Fighting through Reaper forces, Shepard arrives on the Citadel to activate an ancient super-weapon that will, hopefully, send the Lovecraftian cuttlefish straight to hell. The commander’s best-laid plans soon go awry, as they’re wont to do, and s/he encounters a being known as the Catalyst. The Catalyst explains that it wipes out sentient organics every 50 millennia or so in order to prevent sentient organics from being wiped out. (Makes sense, right?) Furthermore, Shepard must pick one of three color-coded space magics to eliminate the Reaper threat in one of three basically identical ways.
So, people got a tad irritated at a game that’d already received negative press for its day-one DLC and inclusion of the dreaded homosexuals. Following this latest kerfuffle, the “Retake Mass Effect” movement exploded across the Web. Thousands of fans expressed their disappointment and outright hatred for the ending in a variety of ways, but there's one you’ve probably heard of: A massive ChipIn fund (aimed at Child’s Play), which raised a staggering $80,000 in about 10 days. “Retake Mass Effect” had a simple, solid idea that did real good for a lot of people, though the fund stopped taking donations in the wake of some confusion.
But the reasonable folks were fewer in number, and this was part of the problem. Even if the fans were right and the ending was terrible, the most vocal people were decidedly unreasonable, prone to flaming on forums and sending hate mail to those who dared defend the ending—or BioWare itself, in many cases. It was a mess. Complaints were filed to the Federal Trade Commission and Better Business Bureau (though in fairness, a BBB blogger agreed with the claim and made her point very well) and the rage train kept a-rollin’ for both proponents and opponents. Forum debates across the Web resulted in condescending remarks and petty insults.

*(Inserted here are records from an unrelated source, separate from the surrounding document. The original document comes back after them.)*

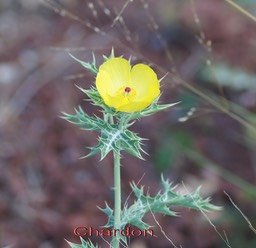 chardon---argemone-mexicana_med_hr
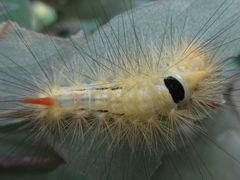 Calliteara pseudabietis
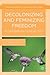 Decolonizing and Feminizing Freedom: A Caribbean Genealogy (Thinking Gender in Transnational Times)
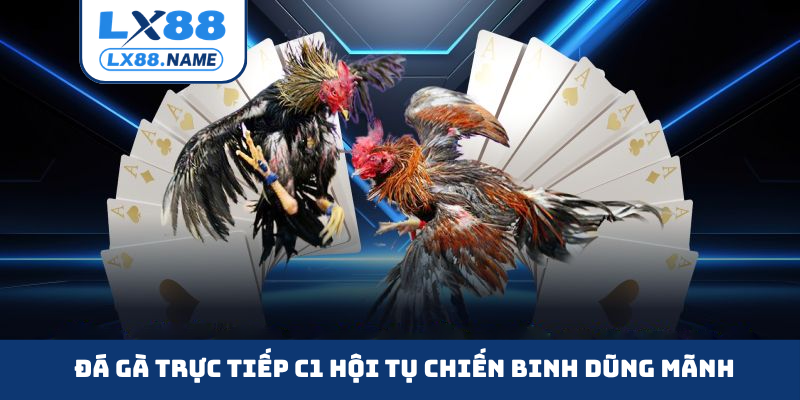 Đá gà trực tiếp C1 hội tụ chiến binh dũng mãnh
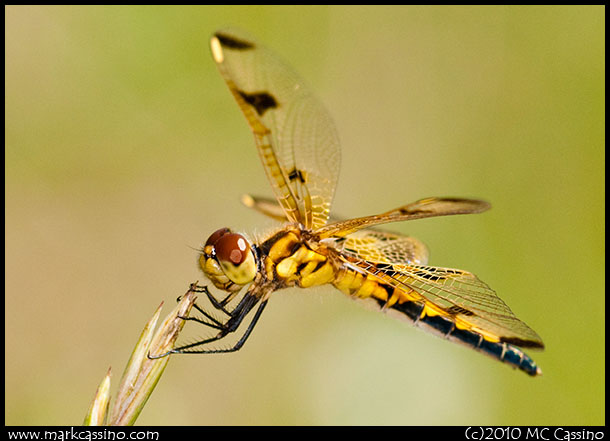 Calico Pennant Dragonfly Calico Pennant Dragonfly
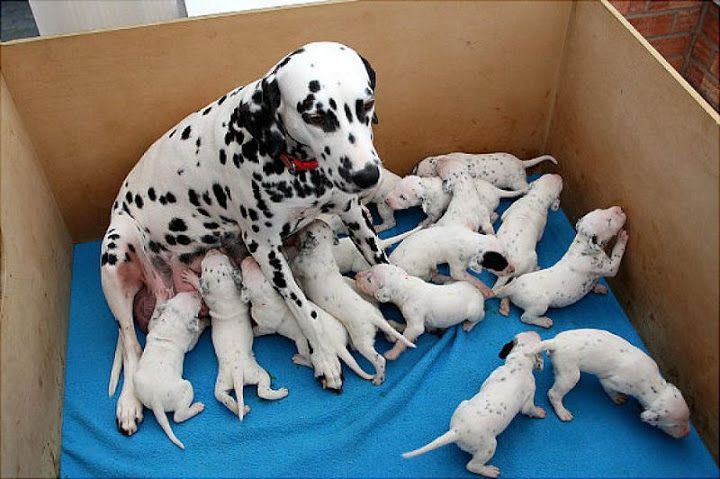 Dalmatian dog price range. Dalmatian puppies for sale price & cost?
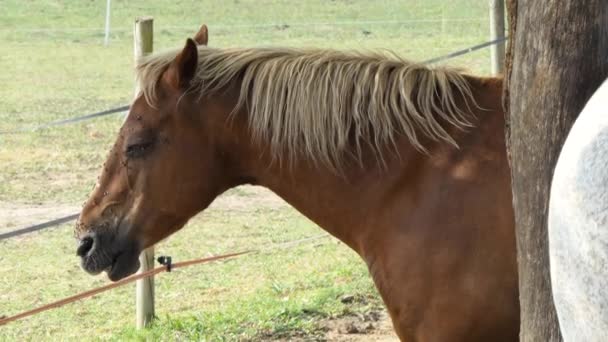 Cavalo Castanho Com Moscas Que Perturba Seu Focinho Olhos Dia — Vídeo de Stock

And then, of course, there was the recent Consumerist poll, which ended with Electronic Arts being voted the worst company in America, over companies like Bank of America, one of the major contributors to the recession—not to mention getting it jollies from attempting to illegally foreclose on homes. It’s “just a silly Internet poll,” yes, but the lack of perspective on display was nothing short of baffling. There’s no doubt that EA is a bad company—terrible, even—but a change of phrase might not be such a bad idea. “Most hated,” as suggested by Forbes contributor Erik Kain, would be more appropriate.
BioWare had by then eased up on its defense of Mass Effect 3’s ending and announced “extended cut” DLC for this summer. The reaction was mixed, understandably so. Some were upset that BioWare had “sold out” to its detractors. Others were satisfied that it had listened to their feedback. But many fans wanted a completely new ending, and BioWare has no intention of removing the current ending. Although BioWare, as the artist, is entitled to alter or maintain its intellectual property, fans were skeptical when BioWare announced that the ending would be “clarified,” rather than altered. This fiasco isn’t likely to go away, but it’ll be damned interesting to see what happens in the coming months.
Where the extended cut will take Mass Effect 3 remains to be seen, but this does set an important precedent. Fans now know that developers are listening, and that they will cave if pressured enough. This has already done a lot of good for the industry, depending on where you stand, and it stands to do a lot more if fans decide to focus on content other than story. One thing's certain: Now publishers should be on their best behavior.